Exactly where the alley camera failed.

"Damn," I muttered.

"She's gone dark," Nico said through the comms. "Should I move in?"

"No."

My jaw tightened.

"She's not in yet," I said. "She's testing something."

We waited.

Five minutes. Ten. Then.

"There," I whispered.

The side light above the clinic's rear stairwell blinked twice.

She was using reflections.

Clever girl.

She hadn't disappeared. She'd rerouted her signal using a car mirror nearby. A trick I hadn't seen since.

I narrowed my eyes.

Someone had trained her. Not formally, but enough to make her dangerous in the right hands.

Or deadly in the wrong ones.

At 2:37 a.m., she slipped through the rear entrance.

Not locked. Too easy.

Which meant someone wanted her to walk in.

I leaned forward in my chair.

"Track heat signatures inside," I ordered. "How many bodies?"

"Four," Nico said instantly. "Two ground level. One in the hallway. One moving down to the basement."

"Armed?"

"Three out of four."

I nodded once.

And Melody? She was unarmed.

I didn't like that.

I knew I said no interference but even I had a limit.

"Deploy one shadow inside," I muttered. "Silent. She doesn't see them. They intervene only if her life's at stake."

"On it," Nico replied.

Melody moved like someone who had watched too many crime documentaries but somehow made it look calculated.

She crept into the hallway, her head tilted just slightly, as if listening for breath.

Then she stopped. Froze.

Her body stiffened like she'd seen something.

The hallway camera caught it: a man at the far end of the corridor. Holding a clipboard. But the way he stood too still. No clipboard movements. No footsteps. Just a mask of professionalism wrapped around something colder.

Lucien's man? Maybe.

Melody didn't run. She moved toward him.

What the hell is she doing?

Then I saw it her fingers reaching into her hoodie pocket. Not for a weapon. For her phone.

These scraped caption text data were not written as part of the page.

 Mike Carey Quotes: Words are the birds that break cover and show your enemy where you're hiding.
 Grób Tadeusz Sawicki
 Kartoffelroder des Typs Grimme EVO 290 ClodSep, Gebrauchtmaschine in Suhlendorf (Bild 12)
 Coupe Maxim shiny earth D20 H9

She lifted it slightly pretending to scroll while using the reflection on the screen to track his steps.

He walked past her without speaking.

Testing her? Or... protecting something?

Either way, Melody slipped into the lab room the moment he was out of sight.

"Audio?" I asked.

"Barely," Nico replied. "Static blocks in the lab."

Of course. Lucien didn't leave loose wires. If this place was part of his network, every room would be shielded.

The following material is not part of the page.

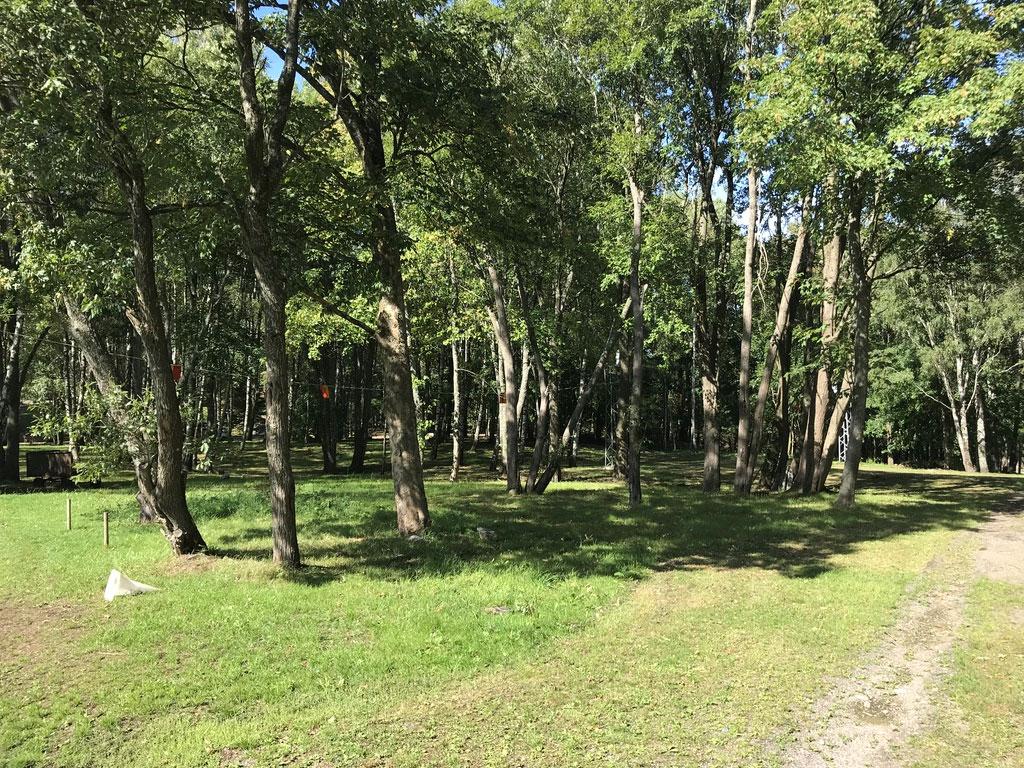 Objekt ID: Ncab-1743-5 Naturvärdesbedömning: Visst naturvärde naturvärdesklass 4 Dominerande naturtyp: Skog och träd Biotoper: Park och trädgård Beskrivning: Ett ungt lövbestånd i anslutning till
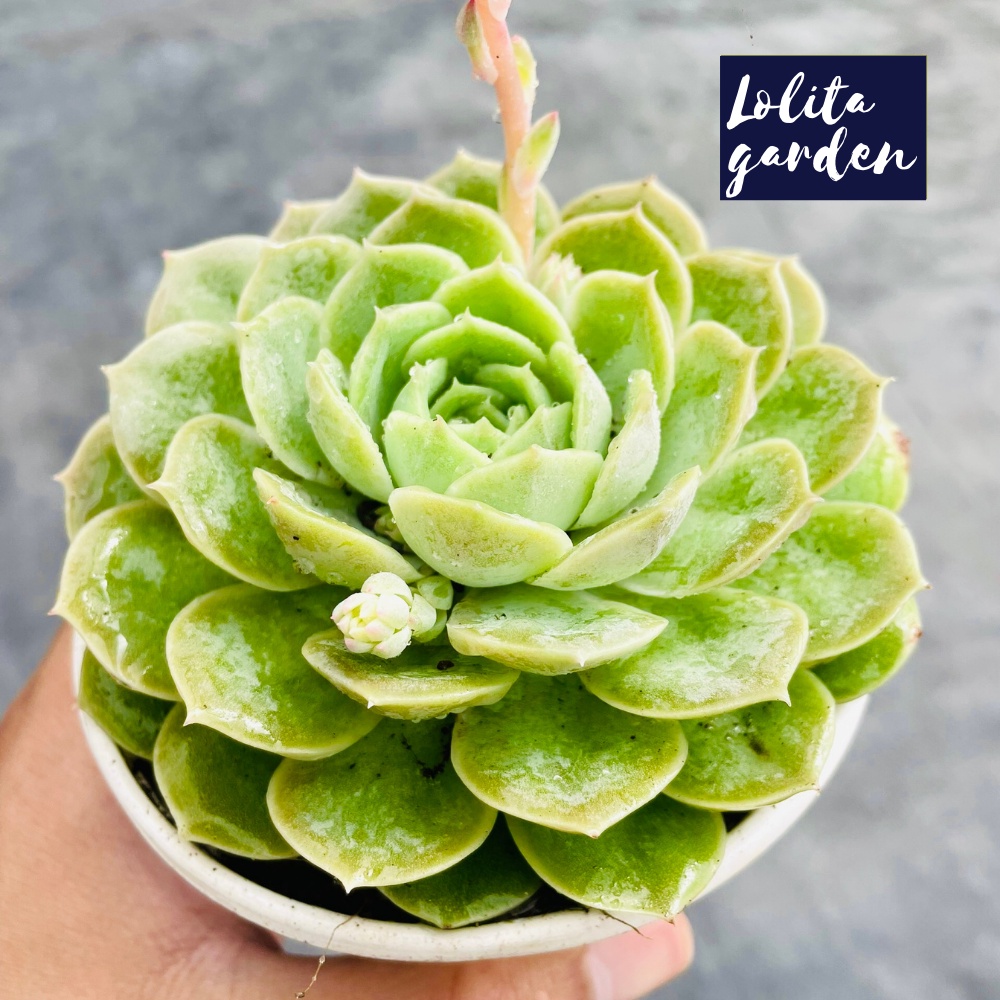 Sen đá ngọc bích Đà Lạt size trung bình cây cảnh trang trí nhà cửa Lolita garden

But then Melody did something I didn't expect.

She planted her hand on the counter, took a photo of a folder labeled MSC-P-31, and placed something beneath the counter.

A tiny mic.

"Where the hell did she get that?" Nico asked, shocked.

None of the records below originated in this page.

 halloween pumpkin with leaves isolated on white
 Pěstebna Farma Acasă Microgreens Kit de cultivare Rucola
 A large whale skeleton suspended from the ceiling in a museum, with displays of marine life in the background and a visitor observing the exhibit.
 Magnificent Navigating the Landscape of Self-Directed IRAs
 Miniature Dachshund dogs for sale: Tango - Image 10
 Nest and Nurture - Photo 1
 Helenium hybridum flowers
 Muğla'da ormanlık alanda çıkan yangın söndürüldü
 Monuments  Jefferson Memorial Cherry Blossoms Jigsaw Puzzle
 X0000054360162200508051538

"She's improvising," I muttered.

"She's out of time. One of the guards is looping back."

"Get her out. Now."

By the time Nico's shadow operative reached her, Melody was already slipping back through the rear door sweat on her face, adrenaline clearly rising.

She made it. Barely.

But as I watched her climb back into the alley and disappear into the city shadows, something twisted in my gut.

She wasn't the same girl who walked into my office days ago.

She was changing.

Learning the rules of our world and breaking them before anyone could stop her.

That made her valuable. And dangerous.

And I wasn't sure which mattered more.